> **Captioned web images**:
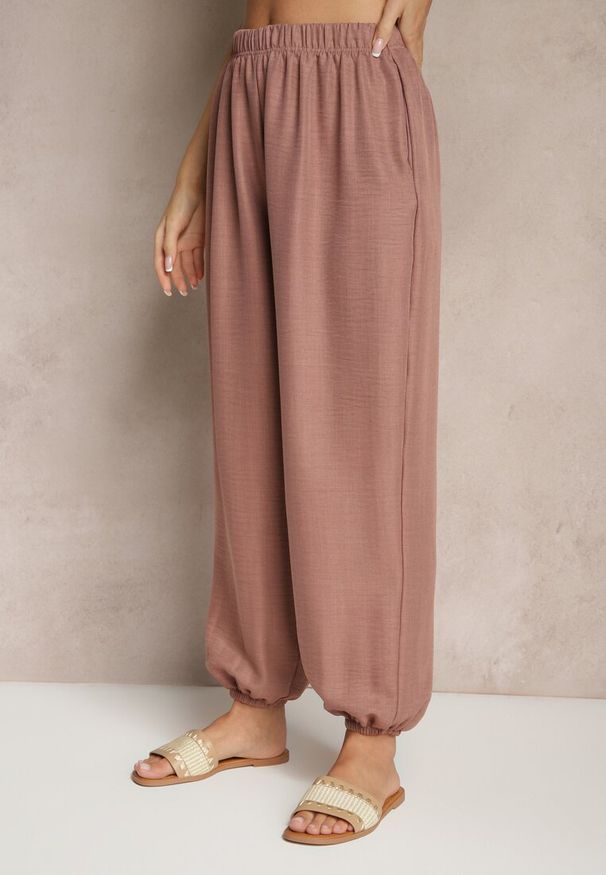 Renee - Brązowe Spodnie Joggery High Waist ze Ściągaczami Korilanea. Okazja: na co dzień. Stan: podwyższony. Kolor: brązowy. Styl: elegancki, casual
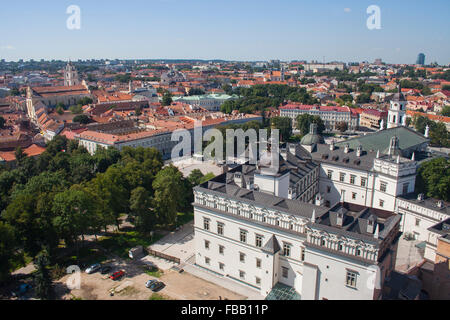 Vue de la reconstruction du palais des Grands-ducs de Lituanie, de la cathédrale et de la vieille ville, à Vilnius, Lituanie Banque D'Images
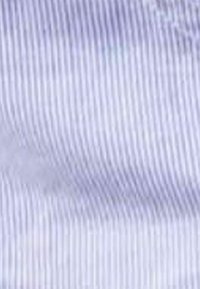 Tessuto a righe blu chiaro con sottili linee verticali, texture liscia e una leggera lucentezza, adatto per abbigliamento o rivestimenti.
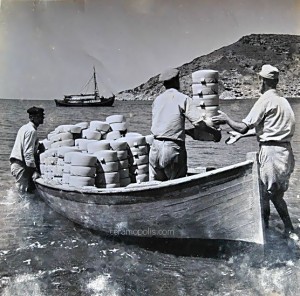 Sifnos Loading Crocks on Boat - Παραδοσιακά Κεραμικά Σίφνος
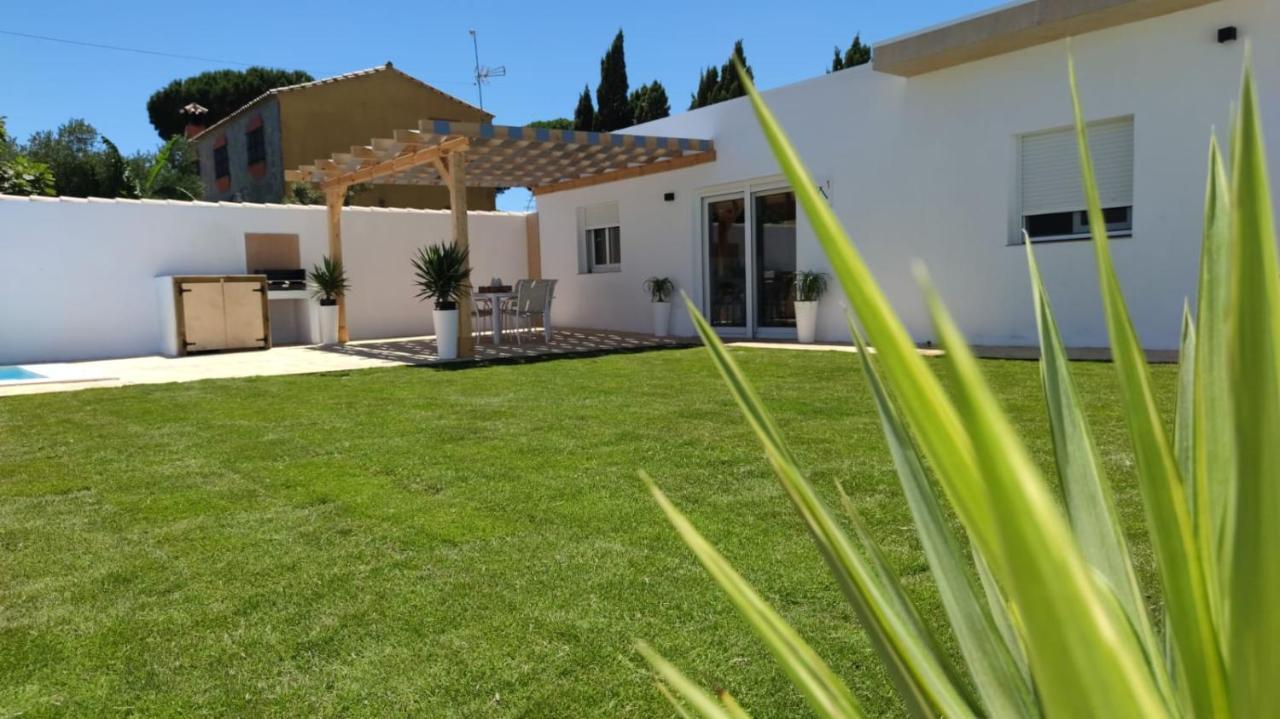 PALAPA GARDEN, muy cerca del mar, con piscina privada Villa Chiclana de la Frontera Exterior foto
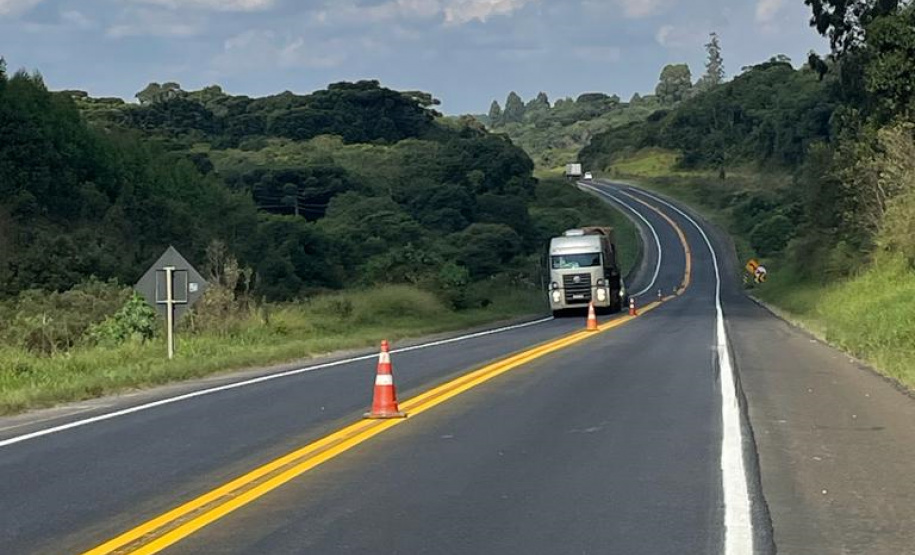 Ligação rodoviária entre Jaguariaíva e Piraí do Sul recebe melhorias no pavimento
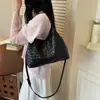 Bolsa de mão tecida moderna e única de alto valor, nova moda 2026, bolsa tote de grande capacidade para trabalho e deslocamento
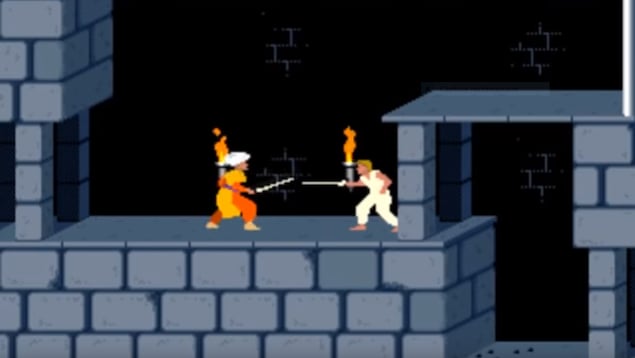 Deux personnages de jeu vidéo se battent avec des épées dans un dongeon. 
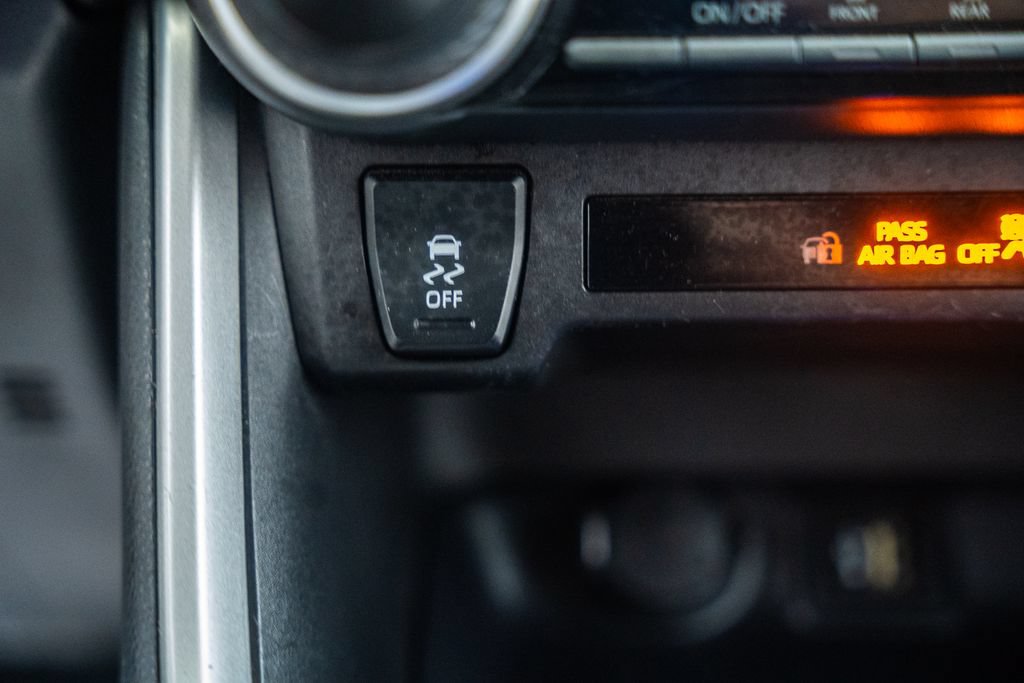 Certified 2025 Toyota RAV4 LE FWD image 23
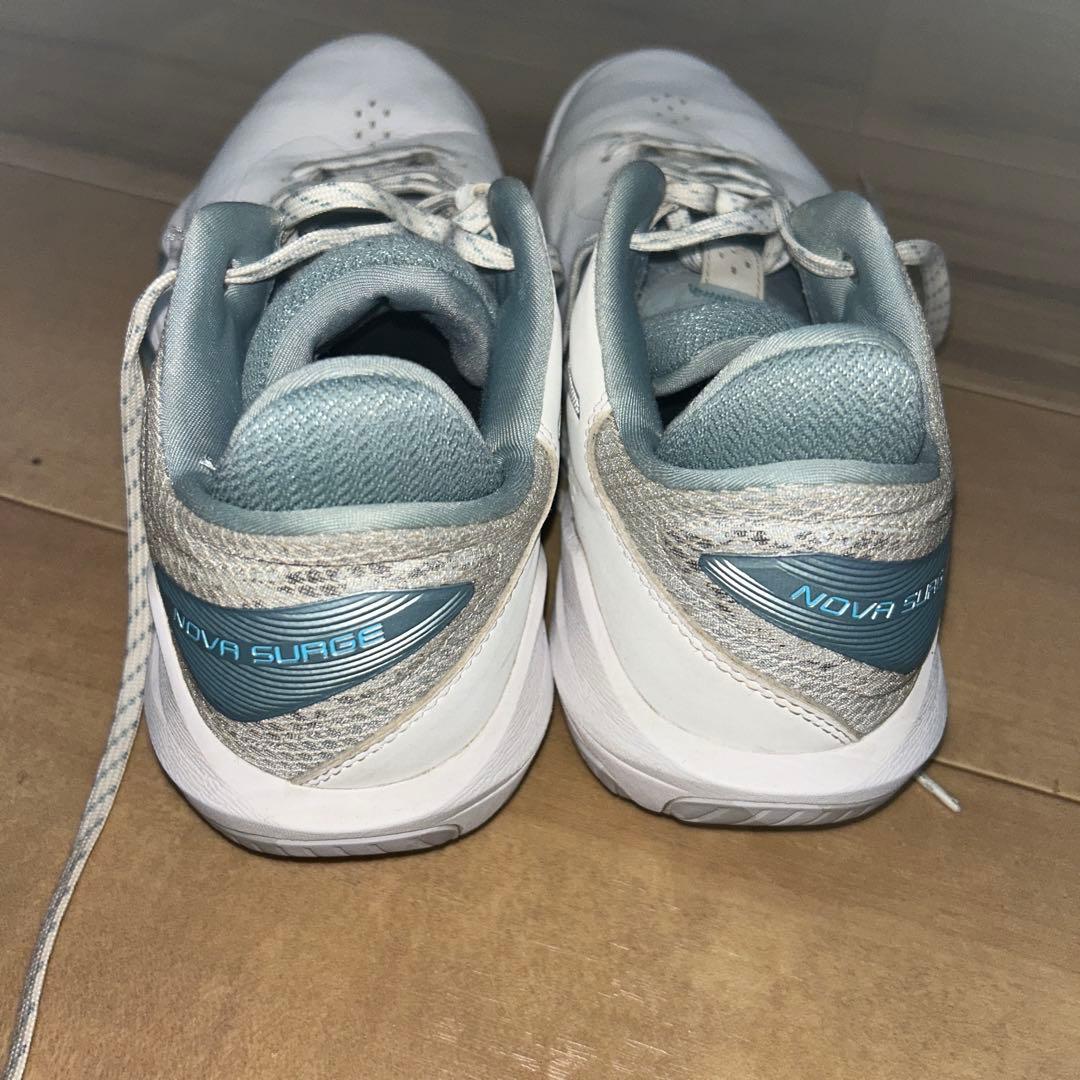 ASICS nova surge low 27.5cm アシックス　バッシュ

> **EXERCISE BRIEF**: Omit the pictures, and please restate word for word the lines running from the line with "Deux personnages de" to the end of the entries.

> **ANSWER TO THIS PROBLEM**:
 Deux personnages de jeu vidéo se battent avec des épées dans un dongeon. 
 Certified 2025 Toyota RAV4 LE FWD image 23
 ASICS nova surge low 27.5cm アシックス　バッシュ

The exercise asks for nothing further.